Vol 3, PW 1 (03 Feb 99) Midstream & Downstream

Indias market for the supply of Liquefied Petroleum Gas (LPG) is set for a fierce battle of supremacy, with Reliance Industries the likely winner.

The marketing of LPG was delicensed in 1993 and opened up to private players. Since then, a number of Indian companies have set up LPG marketing and distribution projects, notably the Shri Shakti Group and the Tamil Nadu-based Southern Petrochemical Industries Corporation (SPIC).

Last year, SPIC sold its operation to Caltex in a deal valued at $47m. Shri Shakti is currently in negotiations with Arco.

Last year also saw the arrival of some new players, among them: SHV of Holland, Elf Aquitaine, Mobil and Exxon. None of these projects, however, compare to the ambition of Wimco Petrogas and Reliance Industries.

Wimco is setting up an import jetty and storage terminal in Okha, Gujarat along with five 150,000 tons a year (t/y) bottling plants in adjoining states. Wimco anticipates that by the fifth year of operation its LPG throughput will exceed 600,000 t/y - over 15 times existing LPG sales of SPIC-Caltex.

The project is promoted by the Maharashtra-based Jatia group, which is reportedly close to signing an equity agreement with an (undisclosed) international oil major. Reliance Industries is behind the second major project and has already begun to market LPG from its fractionator at Hazira, which is producing 18-19,000 tonnes of butadiene per month, with a maximum capacity of 30,000 per month.
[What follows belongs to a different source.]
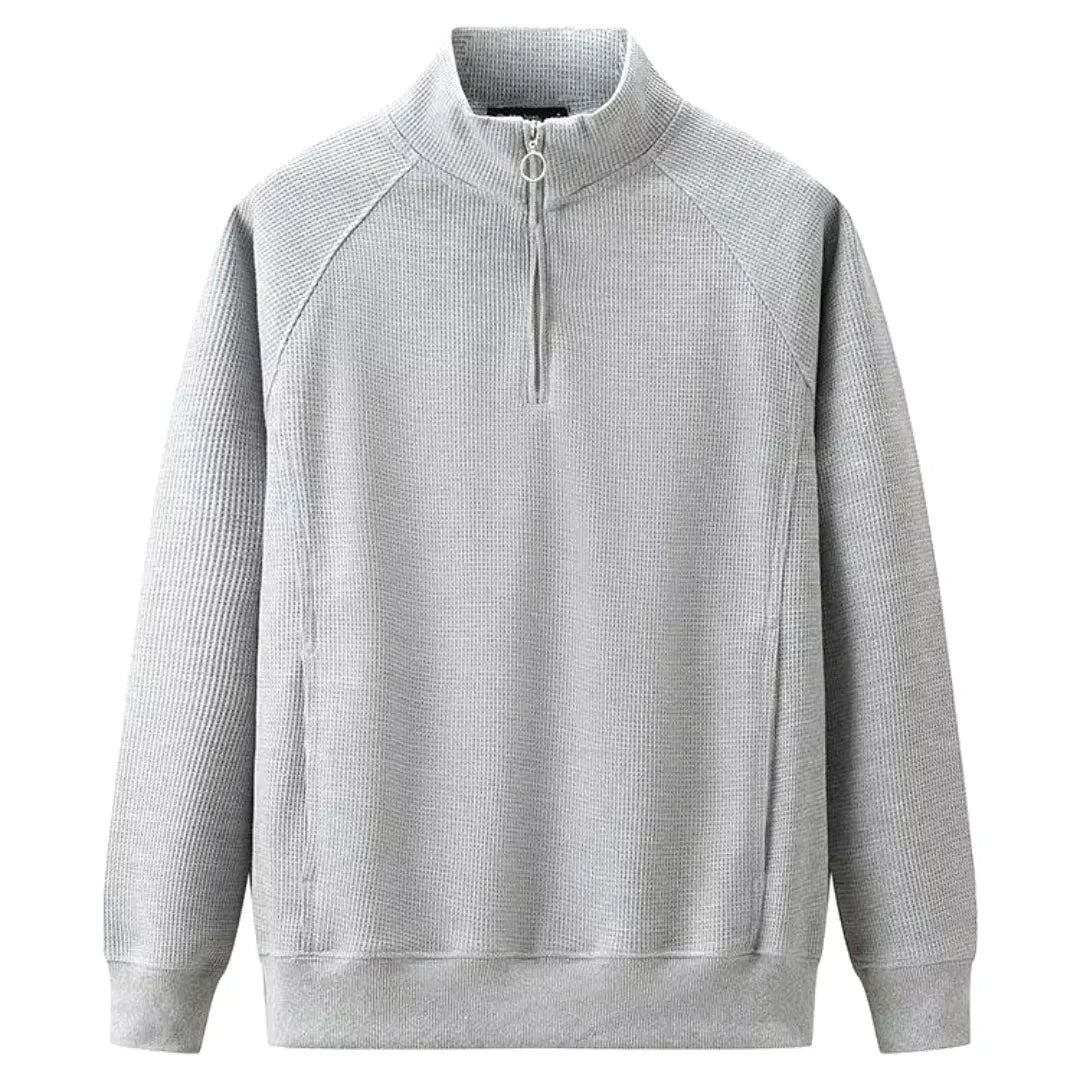 Dylan waffle-knit sweatshirt with half-zip ring puller, ribbed cuffs, textured cozy layering style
By 2000, Reliance is expected to begin flooding the market with cheap, low cost LPG when its 27-28m t/y refinery in Jamnagar comes on stream, producing over 1m t/y of LPG - equivalent to 25% of national demand. The good news for smaller private players is that Reliance and Wimco are - for the moment at least - only focusing on Gujarat and Maharashtra.